En mi adolescencia estaba sumergido en una combinación de desastre emocional e insatisfacción existencial. A pesar de que había sido criado con temor al Señor, mis anhelos y sentimientos más profundos no tenían nada que ver con Dios. Sin embargo, mi corazón fue transformado de repente cuando escuché el evangelio y creí en Jesús como mi Señor y Salvador. Lo que sucedió fue que experimenté la salvación de Dios. Me causó una profunda impresión el darme cuenta de que iba rumbo al infierno, pero me maravillé al ver la mano de Dios rescatándome y convirtiéndome en un heredero del cielo junto a su Hijo por toda la eternidad.

Esta experiencia de conversión no es otra cosa que la experiencia de la gracia de Dios que prueba todo aquel que ha nacido de nuevo.

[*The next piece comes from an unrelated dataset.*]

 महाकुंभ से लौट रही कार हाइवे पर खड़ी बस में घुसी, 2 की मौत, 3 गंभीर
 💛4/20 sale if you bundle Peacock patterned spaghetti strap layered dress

Es como pasar de forma súbita de la pobreza extrema a un estado de riqueza incalculable con trascendencia eterna.

¿A qué se debe esta salvación tan asombrosa? La Biblia tiene sus paréntesis interesantes y uno de ellos nos ayuda a responder esta pregunta. Se encuentra en la carta de Pablo a los efesios: «aun cuando estábamos muertos en nuestros delitos, nos dio vida juntamente con Cristo (por gracia ustedes han sido salvados)» (2:5). ¿Puedes ver de qué se trata? El apóstol Pablo está explicando la decisión gloriosa de Dios de darnos vida espiritual, indicando que todo esto es por «gracia».

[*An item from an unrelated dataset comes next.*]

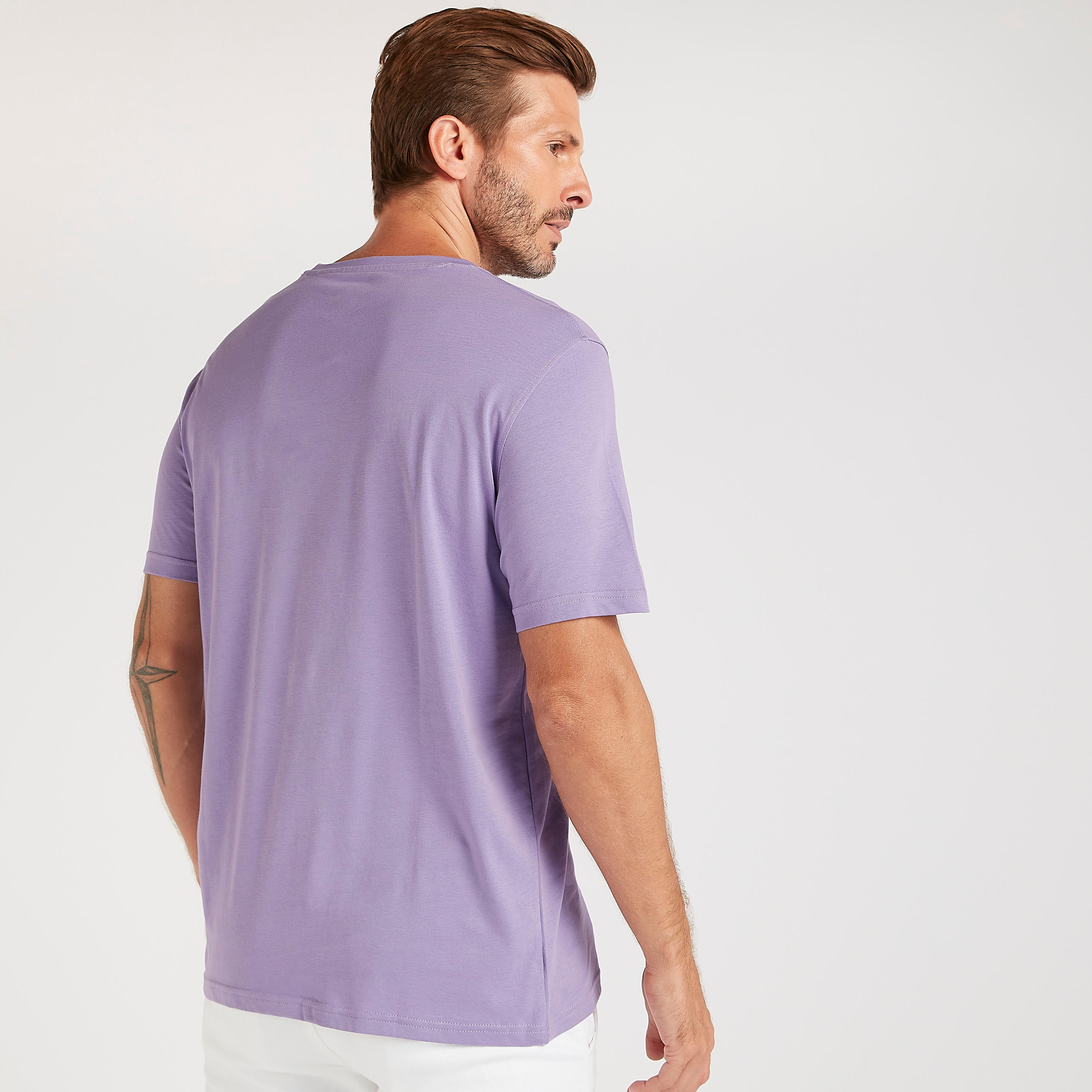 تيشيرت سادة بياقة ضيّقة وأكمام قصيرة-men-clothing-tshirtsandpolos-tshirts-image-1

Dios es el autor de la salvación, un acto que abarca varias realidades: predestinación, regeneración, justificación, adopción, santificación y glorificación. Es un evento pasado que se desarrolla en el presente y tiene una parte que se ejecutará en el futuro. Todo esto no se debe a nuestros méritos, sino únicamente a la gracia de Dios.

Definiendo la gracia

La gracia de Dios se ha definido con frecuencia como un favor que se recibe pero que no se merece. No es el resultado de algún trabajo realizado, sino que es un favor realizado por el que entrega el obsequio. Piensa, por ejemplo, en un regalo que recibes pero por el cual no trabajaste o que no buscaste. Hace poco, unos amigos nos regalaron una tostadora. Cuando les agradecimos el gesto y preguntamos por qué lo hicieron, la respuesta de ellos fue concisa: «Porque quisimos». No fue porque lo pedimos o porque seamos buenas personas. Su regalo fue movido por gracia y eso nos llenó de gratitud hacia ellos.

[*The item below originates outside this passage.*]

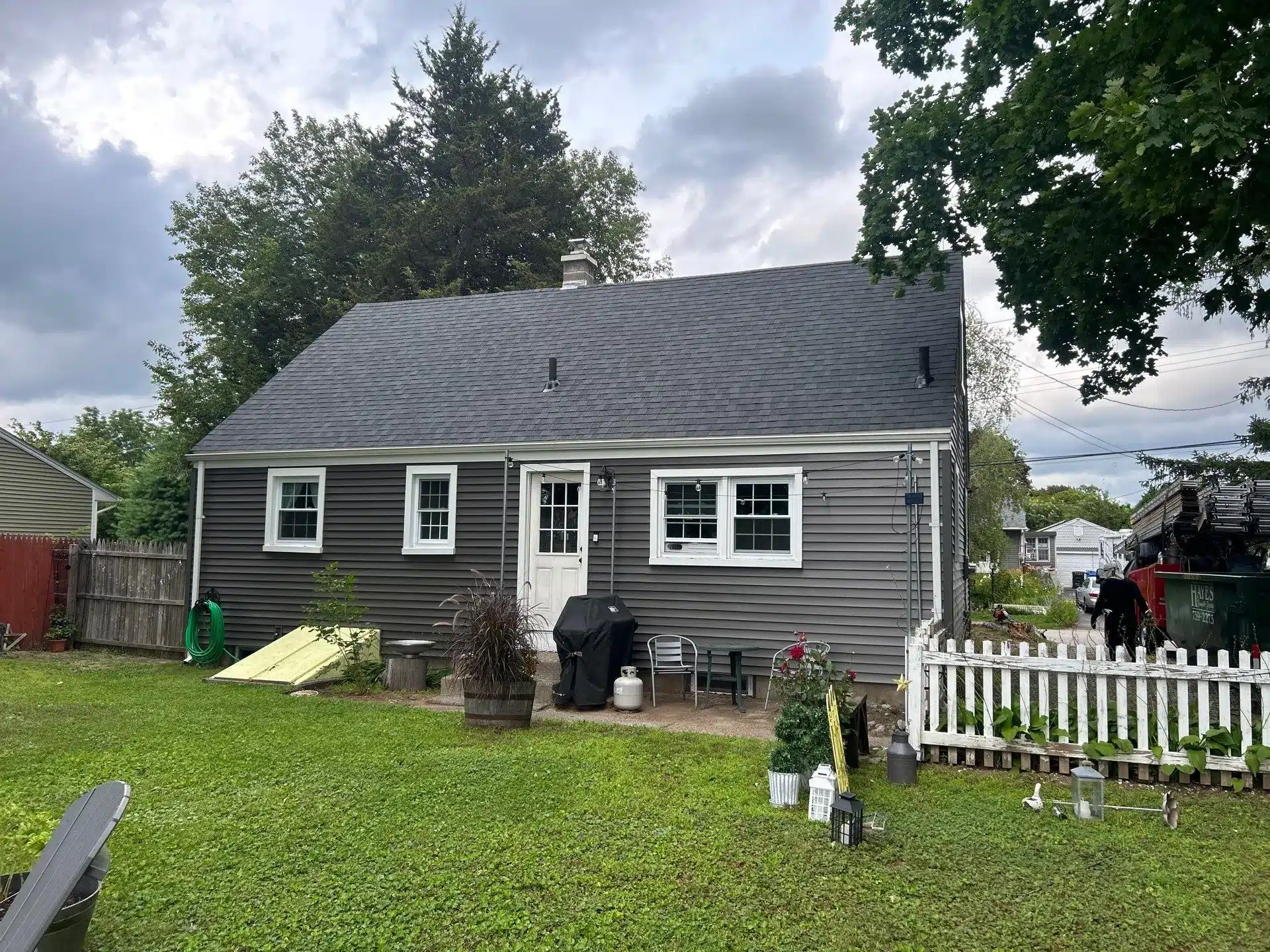 New MAX DEF Colonial Slate shingle roof on a Connecticut home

Merecemos condenación pero recibimos salvación. Ese es el mensaje de Sola Gratia

La gracia de Dios es infinitamente mayor, pues merecemos todo lo opuesto a lo que Él nos entrega. ¡Ciertamente no una tostadora! Merecemos condenación pero recibimos salvación. Ese es el mensaje de Sola Gratia y la respuesta a este favor en el cristiano es un sometimiento incondicional a la Palabra de Dios. Ya no vive para revolcarse esclavizado en el pecado, sino solo para la gloria de Dios en gratitud.

Hubo una época en la que esta verdad había quedado en el olvido, hasta que la Reforma protestante irrumpió para recuperarla y proclamarla. La batalla de los reformadores en el siglo XVI fue contra la élite de la Iglesia católica y la corrupción que emanaba de su sistema que distorsionaba el evangelio. Al día de hoy, todavía promueven que los méritos de los creyentes contribuyen en su salvación.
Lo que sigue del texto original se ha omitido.